I am working on a CodeIgniter project that has information stored in the database with extended ascii characters (128-255) and UTF-8 encoding. As most of you know, CodeIgniter is fairly strict on what is allowed in a url (they only allow what SHOULD be permitted per RFC 1738 ;)). Furthermore sunce you can create basically any character by allowing a percent sign (%) in the URL, alowing that was not a viable option for me.
For instance you cannot use “ñ” (n with a tilde) in the URL parameters. Replacing it with “n” for the database query will however return a valid match. Problem solved! I can just use Normalizer or iconv, right?
Unfortunately I do not have access to Normalizer::normalize or iconv on the server in question, so I had to write my own function for the conversion. I HATE hard coding function arguments, but in this case it was required since storing key/value pairs in the database would have been overkill.
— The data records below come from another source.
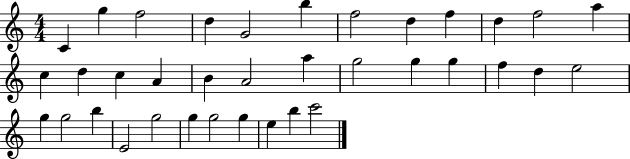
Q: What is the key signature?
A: C major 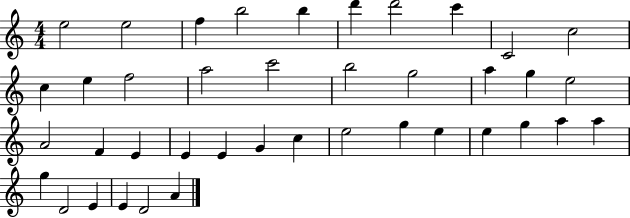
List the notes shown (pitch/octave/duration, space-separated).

E5/h E5/h F5/q B5/h B5/q D6/q D6/h C6/q C4/h C5/h C5/q E5/q F5/h A5/h C6/h B5/h G5/h A5/q G5/q E5/h A4/h F4/q E4/q E4/q E4/q G4/q C5/q E5/h G5/q E5/q E5/q G5/q A5/q A5/q G5/q D4/h E4/q E4/q D4/h A4/q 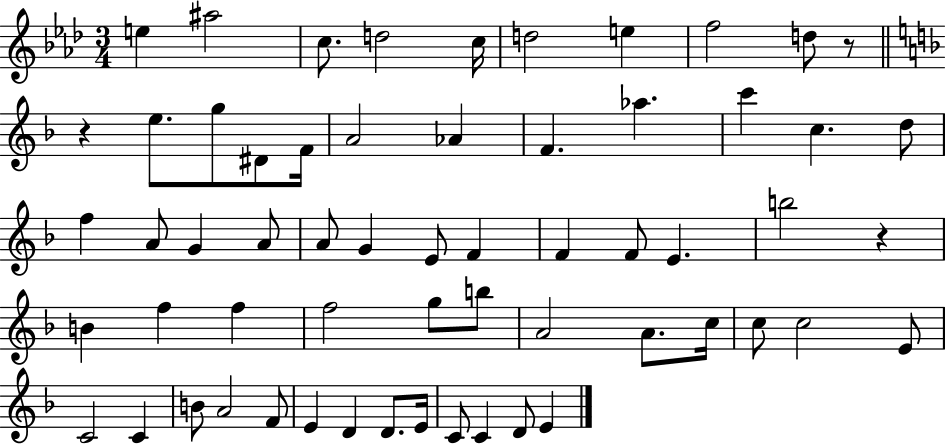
{
  \clef treble
  \numericTimeSignature
  \time 3/4
  \key aes \major
  e''4 ais''2 | c''8. d''2 c''16 | d''2 e''4 | f''2 d''8 r8 | \break \bar "||" \break \key f \major r4 e''8. g''8 dis'8 f'16 | a'2 aes'4 | f'4. aes''4. | c'''4 c''4. d''8 | \break f''4 a'8 g'4 a'8 | a'8 g'4 e'8 f'4 | f'4 f'8 e'4. | b''2 r4 | \break b'4 f''4 f''4 | f''2 g''8 b''8 | a'2 a'8. c''16 | c''8 c''2 e'8 | \break c'2 c'4 | b'8 a'2 f'8 | e'4 d'4 d'8. e'16 | c'8 c'4 d'8 e'4 | \break \bar "|."
} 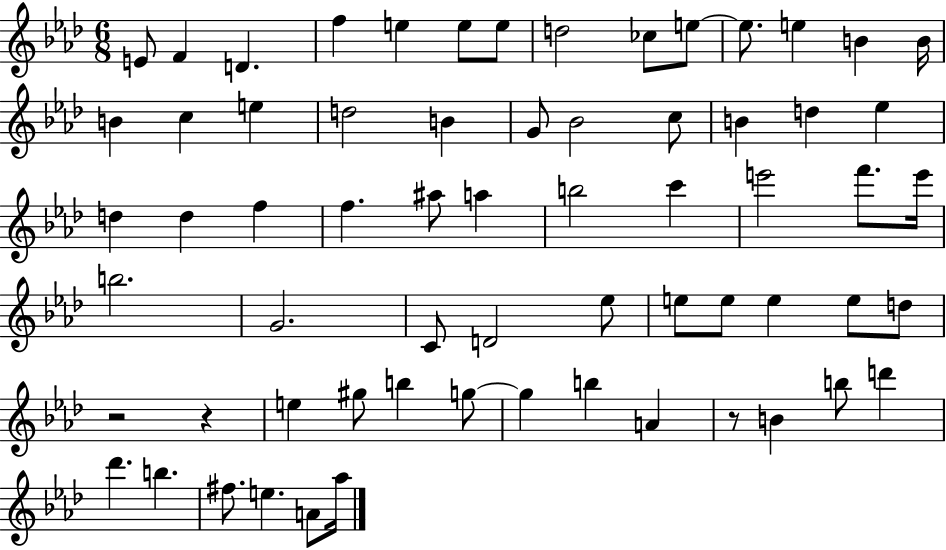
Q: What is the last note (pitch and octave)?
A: Ab5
So here is my function…
function _normalize($str) { $table = array( chr(128) => 'EUR', chr(129) => ' ', chr(130) => ',', chr(131) => 'f', chr(132) => '"', chr(133) => '...', chr(134) => 't', chr(135) => 'tt', chr(136) => '^', chr(137) => '0/00', chr(138) => 'S', chr(138) => '<', chr(140) => 'OE', chr(141) => ' ', chr(142) => 'Z', chr(143) => ' ', chr(144) => ' ', chr(145) => '\'', chr(146) => '\'', chr(147) => '"', chr(148) => '"', chr(149) => '*', chr(150) => '-', chr(151) => '-', chr(152) => '~', chr(153) => 'TM', chr(154) => 's', chr(155) => '>', chr(156) => 'oe', chr(157) => ' ', chr(158) => 'z', chr(159) => 'Y', chr(160) => ' ', chr(161) => '!', chr(162) => 'c', chr(163) => '#', chr(164) => '$', chr(165) => 'Y', chr(166) => '|', chr(167) => 'S', chr(168) => '..', chr(169) => '(c)', chr(170) => 'a', chr(171) => '<<', chr(172) => '<>', chr(173) => ' ', chr(174) => '(r)', chr(175) => '_', chr(176) => '', chr(177) => '+/-', chr(178) => '(2)', chr(179) => '(3)', chr(180) => '`', chr(181) => 'u', chr(182) => 'P', chr(183) => '*', chr(184) => ',', chr(185) => '(1)', chr(186) => '', chr(187) => '>>', chr(188) => '1/4', chr(189) => '1/2', chr(190) => '3/4', chr(191) => '?', chr(192) => 'A', chr(193) => 'A', chr(194) => 'A', chr(195) => 'A', chr(196) => 'A', chr(197) => 'A', chr(198) => 'AE', chr(199) => 'C', chr(200) => 'E', chr(201) => 'E', chr(202) => 'E', chr(203) => 'E', chr(204) => 'I', chr(205) => 'I', chr(206) => 'I', chr(207) => 'I', chr(208) => 'D', chr(209) => 'N', chr(210) => 'O', chr(211) => 'O', chr(212) => 'O', chr(213) => 'O', chr(214) => 'O', chr(215) => 'x', chr(216) => 'O', chr(217) => 'U', chr(218) => 'U', chr(219) => 'U', chr(220) => 'U', chr(221) => 'Y', chr(222) => 'B', chr(223) => 'S', chr(224) => 'a', chr(225) => 'a', chr(226) => 'a', chr(227) => 'a', chr(228) => 'a', chr(229) => 'a', chr(230) => 'ae', chr(231) => 'c', chr(232) => 'e', chr(233) => 'e', chr(234) => 'e', chr(235) => 'e', chr(236) => 'i', chr(237) => 'i', chr(238) => 'i', chr(239) => 'i', chr(240) => 'o', chr(241) => 'n', chr(242) => 'o', chr(243) => 'o', chr(244) => 'o', chr(245) => 'o', chr(246) => 'o', chr(247) => '/', chr(248) => 'o', chr(249) => 'u', chr(250) => 'u', chr(251) => 'u', chr(252) => 'u', chr(253) => 'y', chr(254) => 'b', chr(255) => 'y' ); return strtr(utf8_decode($str), $table); }
Hope this is what you were looking for.